しかし、ハッキリしない日々はまだ続いた。
こうして迎えた運命の5月24日午後5時30分。山下会長は、全日本体重別選手権兼モスクワ五輪最終選考会に出るために訪れていた福岡のホテルで、JOCがモスクワ五輪不参加を決めたことを新聞記者から知らされた。
たまたまロビーで一緒にいた祖父の顔色が変わったのが見えた。そして、翌日の試合で蟹挟の技を掛けられたときに、腓骨を骨折した。
「ぼくの強がりかもしれませんけれど、今でもあれは精いっぱいの試合だったと思っているんです。(中略)精神的には非常に落ち込んでいたんです。
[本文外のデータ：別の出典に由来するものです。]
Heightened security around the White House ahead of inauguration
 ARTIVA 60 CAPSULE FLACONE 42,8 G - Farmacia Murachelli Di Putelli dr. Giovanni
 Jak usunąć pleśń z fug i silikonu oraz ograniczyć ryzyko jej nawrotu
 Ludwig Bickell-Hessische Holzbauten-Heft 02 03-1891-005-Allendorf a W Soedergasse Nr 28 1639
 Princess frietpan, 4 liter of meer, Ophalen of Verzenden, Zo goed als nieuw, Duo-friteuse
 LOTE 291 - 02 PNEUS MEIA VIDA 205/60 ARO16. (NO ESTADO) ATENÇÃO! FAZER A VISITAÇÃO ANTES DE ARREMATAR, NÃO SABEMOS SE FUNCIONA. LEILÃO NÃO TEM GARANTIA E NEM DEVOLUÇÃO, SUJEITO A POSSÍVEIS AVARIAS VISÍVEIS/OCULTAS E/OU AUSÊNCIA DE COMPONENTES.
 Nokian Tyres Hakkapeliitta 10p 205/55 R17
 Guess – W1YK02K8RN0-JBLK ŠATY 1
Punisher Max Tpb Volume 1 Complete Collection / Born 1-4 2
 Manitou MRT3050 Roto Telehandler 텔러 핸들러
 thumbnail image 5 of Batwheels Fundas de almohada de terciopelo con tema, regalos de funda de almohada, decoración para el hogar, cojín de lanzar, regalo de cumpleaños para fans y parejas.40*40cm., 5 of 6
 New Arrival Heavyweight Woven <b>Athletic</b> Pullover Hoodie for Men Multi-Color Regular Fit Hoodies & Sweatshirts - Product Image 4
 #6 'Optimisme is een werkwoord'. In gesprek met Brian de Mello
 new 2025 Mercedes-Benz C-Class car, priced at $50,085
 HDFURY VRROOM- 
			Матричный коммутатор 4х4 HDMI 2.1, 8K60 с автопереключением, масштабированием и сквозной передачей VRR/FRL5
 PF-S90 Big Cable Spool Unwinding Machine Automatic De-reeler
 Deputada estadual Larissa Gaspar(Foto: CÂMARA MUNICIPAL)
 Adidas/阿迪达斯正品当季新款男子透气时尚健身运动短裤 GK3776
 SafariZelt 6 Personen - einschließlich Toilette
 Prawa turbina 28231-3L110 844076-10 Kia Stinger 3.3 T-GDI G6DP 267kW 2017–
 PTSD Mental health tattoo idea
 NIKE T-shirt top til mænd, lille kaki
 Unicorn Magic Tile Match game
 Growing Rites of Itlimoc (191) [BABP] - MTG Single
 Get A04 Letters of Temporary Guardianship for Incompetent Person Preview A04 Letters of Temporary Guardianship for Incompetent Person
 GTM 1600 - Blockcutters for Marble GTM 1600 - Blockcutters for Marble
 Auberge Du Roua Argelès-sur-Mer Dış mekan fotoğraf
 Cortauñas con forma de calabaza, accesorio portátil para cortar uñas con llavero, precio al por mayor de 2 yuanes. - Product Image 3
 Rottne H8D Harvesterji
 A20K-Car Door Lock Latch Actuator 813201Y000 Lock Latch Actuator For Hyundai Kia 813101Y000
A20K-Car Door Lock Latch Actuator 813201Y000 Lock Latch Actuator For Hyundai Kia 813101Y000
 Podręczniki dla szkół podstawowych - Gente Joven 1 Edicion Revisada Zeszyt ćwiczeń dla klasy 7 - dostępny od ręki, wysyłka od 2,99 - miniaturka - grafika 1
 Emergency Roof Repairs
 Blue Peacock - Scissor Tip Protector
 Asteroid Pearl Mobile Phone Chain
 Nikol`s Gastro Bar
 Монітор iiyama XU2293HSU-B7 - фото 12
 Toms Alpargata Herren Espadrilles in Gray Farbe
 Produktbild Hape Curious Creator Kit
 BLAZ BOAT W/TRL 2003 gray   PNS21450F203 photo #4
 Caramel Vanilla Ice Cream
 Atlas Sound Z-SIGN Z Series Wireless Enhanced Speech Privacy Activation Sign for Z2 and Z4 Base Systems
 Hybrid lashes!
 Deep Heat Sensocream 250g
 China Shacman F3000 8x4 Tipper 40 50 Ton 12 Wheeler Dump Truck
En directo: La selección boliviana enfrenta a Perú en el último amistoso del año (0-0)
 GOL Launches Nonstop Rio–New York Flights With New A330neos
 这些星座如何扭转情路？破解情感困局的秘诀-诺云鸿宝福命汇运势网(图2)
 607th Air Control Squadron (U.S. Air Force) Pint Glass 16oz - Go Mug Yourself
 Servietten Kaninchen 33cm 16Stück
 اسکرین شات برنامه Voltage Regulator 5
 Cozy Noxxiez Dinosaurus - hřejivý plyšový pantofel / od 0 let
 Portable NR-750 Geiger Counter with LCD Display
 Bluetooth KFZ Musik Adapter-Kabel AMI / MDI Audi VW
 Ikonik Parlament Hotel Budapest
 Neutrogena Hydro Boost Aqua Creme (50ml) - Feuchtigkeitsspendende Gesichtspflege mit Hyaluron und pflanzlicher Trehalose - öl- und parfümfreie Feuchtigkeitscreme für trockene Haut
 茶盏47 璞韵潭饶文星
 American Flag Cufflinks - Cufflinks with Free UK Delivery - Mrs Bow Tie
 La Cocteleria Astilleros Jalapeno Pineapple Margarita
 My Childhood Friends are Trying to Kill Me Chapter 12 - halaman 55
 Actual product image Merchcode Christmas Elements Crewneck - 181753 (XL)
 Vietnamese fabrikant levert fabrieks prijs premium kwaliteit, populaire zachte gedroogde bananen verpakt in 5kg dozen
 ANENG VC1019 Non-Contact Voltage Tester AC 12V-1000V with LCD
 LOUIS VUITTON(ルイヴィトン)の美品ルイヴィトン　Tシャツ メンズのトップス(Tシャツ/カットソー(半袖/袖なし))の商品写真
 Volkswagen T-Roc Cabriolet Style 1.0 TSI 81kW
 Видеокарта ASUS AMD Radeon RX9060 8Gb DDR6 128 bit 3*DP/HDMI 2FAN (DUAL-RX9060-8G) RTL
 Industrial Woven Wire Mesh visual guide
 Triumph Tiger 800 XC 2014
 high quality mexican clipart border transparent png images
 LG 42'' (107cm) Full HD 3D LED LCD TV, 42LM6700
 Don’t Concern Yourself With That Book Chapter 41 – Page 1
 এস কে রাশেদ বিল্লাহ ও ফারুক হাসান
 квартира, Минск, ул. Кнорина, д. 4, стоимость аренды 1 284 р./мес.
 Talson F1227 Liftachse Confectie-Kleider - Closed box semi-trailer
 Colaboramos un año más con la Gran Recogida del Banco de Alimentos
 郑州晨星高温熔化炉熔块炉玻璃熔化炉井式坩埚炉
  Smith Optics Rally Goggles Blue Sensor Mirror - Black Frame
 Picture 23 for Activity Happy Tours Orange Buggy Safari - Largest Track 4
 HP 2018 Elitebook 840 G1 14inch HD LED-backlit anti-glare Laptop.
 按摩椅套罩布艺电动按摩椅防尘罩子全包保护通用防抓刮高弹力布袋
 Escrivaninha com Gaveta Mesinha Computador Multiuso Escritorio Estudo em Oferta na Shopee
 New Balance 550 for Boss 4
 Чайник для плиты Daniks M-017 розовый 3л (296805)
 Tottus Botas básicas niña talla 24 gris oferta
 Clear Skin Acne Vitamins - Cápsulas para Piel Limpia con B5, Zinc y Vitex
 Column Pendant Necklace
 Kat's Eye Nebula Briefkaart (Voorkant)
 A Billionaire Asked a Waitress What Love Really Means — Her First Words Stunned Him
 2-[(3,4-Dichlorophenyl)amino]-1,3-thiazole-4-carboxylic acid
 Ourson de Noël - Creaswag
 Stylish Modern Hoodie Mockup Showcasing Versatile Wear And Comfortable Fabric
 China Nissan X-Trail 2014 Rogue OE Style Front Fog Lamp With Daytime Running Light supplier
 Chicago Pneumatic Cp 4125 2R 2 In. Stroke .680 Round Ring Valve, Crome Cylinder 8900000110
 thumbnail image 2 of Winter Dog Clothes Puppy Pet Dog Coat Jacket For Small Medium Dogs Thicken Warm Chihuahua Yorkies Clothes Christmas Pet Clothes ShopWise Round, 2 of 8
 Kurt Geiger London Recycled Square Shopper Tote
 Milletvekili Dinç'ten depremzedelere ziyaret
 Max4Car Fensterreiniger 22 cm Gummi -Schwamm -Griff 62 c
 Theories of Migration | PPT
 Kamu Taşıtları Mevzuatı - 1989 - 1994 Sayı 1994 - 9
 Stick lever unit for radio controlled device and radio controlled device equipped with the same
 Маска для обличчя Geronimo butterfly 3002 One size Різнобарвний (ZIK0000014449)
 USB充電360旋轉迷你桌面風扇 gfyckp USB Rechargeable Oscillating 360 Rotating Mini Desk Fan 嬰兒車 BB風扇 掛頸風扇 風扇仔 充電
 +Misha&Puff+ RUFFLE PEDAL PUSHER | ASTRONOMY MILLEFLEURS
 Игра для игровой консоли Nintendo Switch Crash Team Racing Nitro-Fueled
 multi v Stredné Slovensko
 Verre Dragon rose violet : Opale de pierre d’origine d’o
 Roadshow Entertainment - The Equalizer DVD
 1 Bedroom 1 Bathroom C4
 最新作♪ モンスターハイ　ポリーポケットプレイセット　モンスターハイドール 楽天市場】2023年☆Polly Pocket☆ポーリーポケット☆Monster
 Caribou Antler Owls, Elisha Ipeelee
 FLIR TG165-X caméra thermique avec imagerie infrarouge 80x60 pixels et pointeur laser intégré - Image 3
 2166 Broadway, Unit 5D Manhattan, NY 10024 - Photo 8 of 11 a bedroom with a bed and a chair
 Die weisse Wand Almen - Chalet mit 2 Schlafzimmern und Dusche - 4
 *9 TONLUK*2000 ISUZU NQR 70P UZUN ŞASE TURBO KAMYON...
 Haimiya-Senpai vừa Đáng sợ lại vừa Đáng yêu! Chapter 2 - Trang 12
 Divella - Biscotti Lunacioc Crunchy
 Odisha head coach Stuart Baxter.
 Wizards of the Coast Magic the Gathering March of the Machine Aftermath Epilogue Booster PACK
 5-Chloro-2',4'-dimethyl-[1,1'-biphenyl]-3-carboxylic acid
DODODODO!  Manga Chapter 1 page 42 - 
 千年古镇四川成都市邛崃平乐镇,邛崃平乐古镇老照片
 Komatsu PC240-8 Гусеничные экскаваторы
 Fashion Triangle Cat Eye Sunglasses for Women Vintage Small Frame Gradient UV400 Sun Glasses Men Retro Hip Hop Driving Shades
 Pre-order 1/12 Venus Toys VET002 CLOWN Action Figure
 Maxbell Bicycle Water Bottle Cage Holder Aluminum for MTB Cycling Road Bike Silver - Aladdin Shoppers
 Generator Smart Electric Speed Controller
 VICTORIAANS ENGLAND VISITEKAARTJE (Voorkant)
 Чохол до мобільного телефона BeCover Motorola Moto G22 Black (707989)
それで、ぶざまな試合をしないためにはどうしたらいいかとその夜は考え込みました。そうしたら結論は一つしかなかったです。
それは今までの試合より、二倍も三倍も気合を入れていくしかないだろうということです」
4年後のロサンゼルス五輪で金メダル。
モスクワ五輪不参加となった後の目標は、世界選手権へと切り替わり、さらには、「立ち技でも寝技でも両方とも」、「少しのチャンスも逃さない柔道」という理想を追い求めるようになっていった。
そして、4年後の'84年ロサンゼルス五輪で、金メダルを手にした。
モスクワ五輪不参加から40年が経った。
今はJOC会長として、自身が人生を懸けて挑もうと思うきっかけとなった'64年東京五輪の再現となる舞台を準備する立場にいる山下会長は、どのような思いから「残念」と言ったのだろうか。
組織運営上のことなのか。その日も稽古にまい進しているに違いなかった選手の顔が浮かんでいたのだろうか。